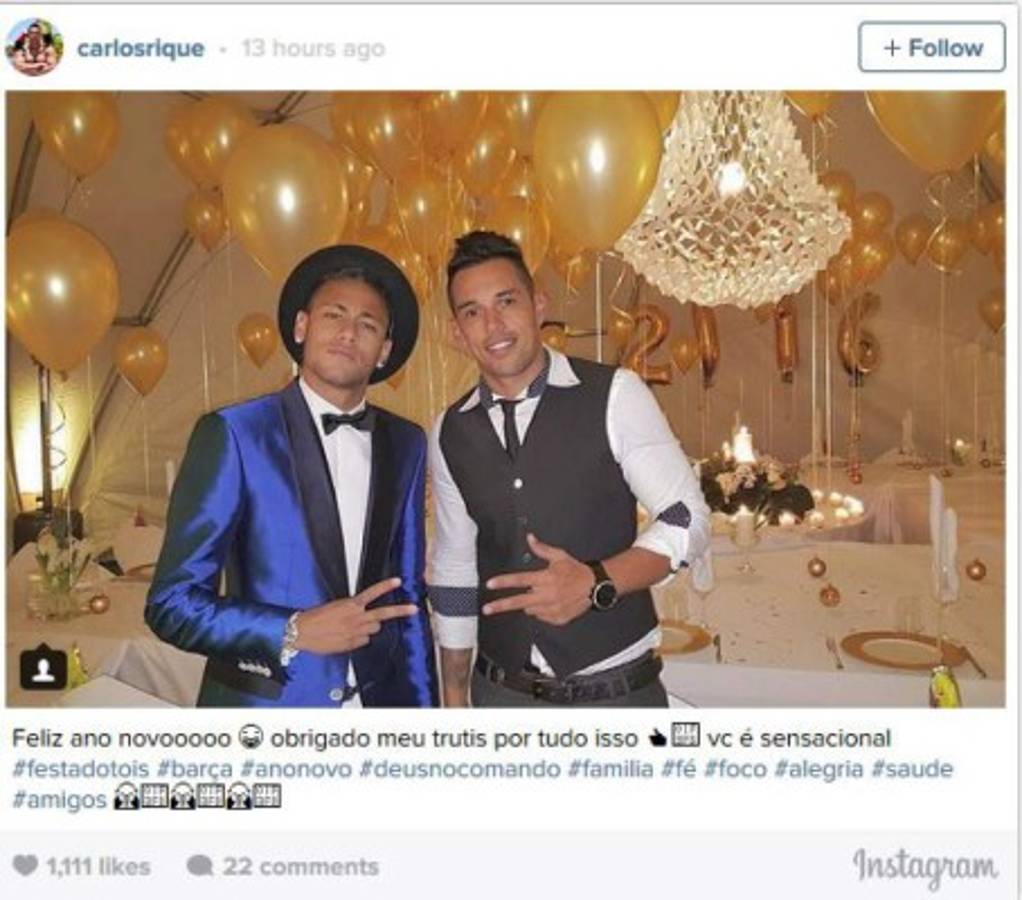 Así recibieron el Año Nuevo los cracks del Barcelona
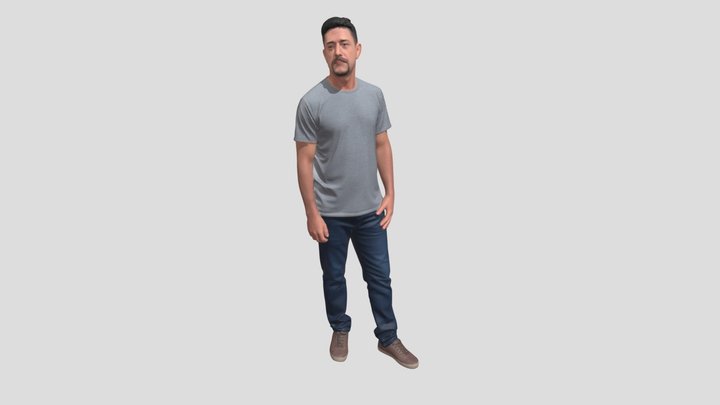 Grey T-Shirt And Denim – Modello 3D gratuito STL
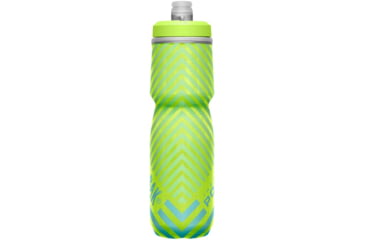 Image of CamelBak Podium Chill Outdoor Bike Bottle, Lime/blue Stripe - 1873306071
^^^^^^^^^^^^^^^^
:: What is required ::
Write out the listing above exactly, images omitted.

:: Task answer ::
 Así recibieron el Año Nuevo los cracks del Barcelona
 Grey T-Shirt And Denim – Modello 3D gratuito STL
 Image of CamelBak Podium Chill Outdoor Bike Bottle, Lime/blue Stripe - 1873306071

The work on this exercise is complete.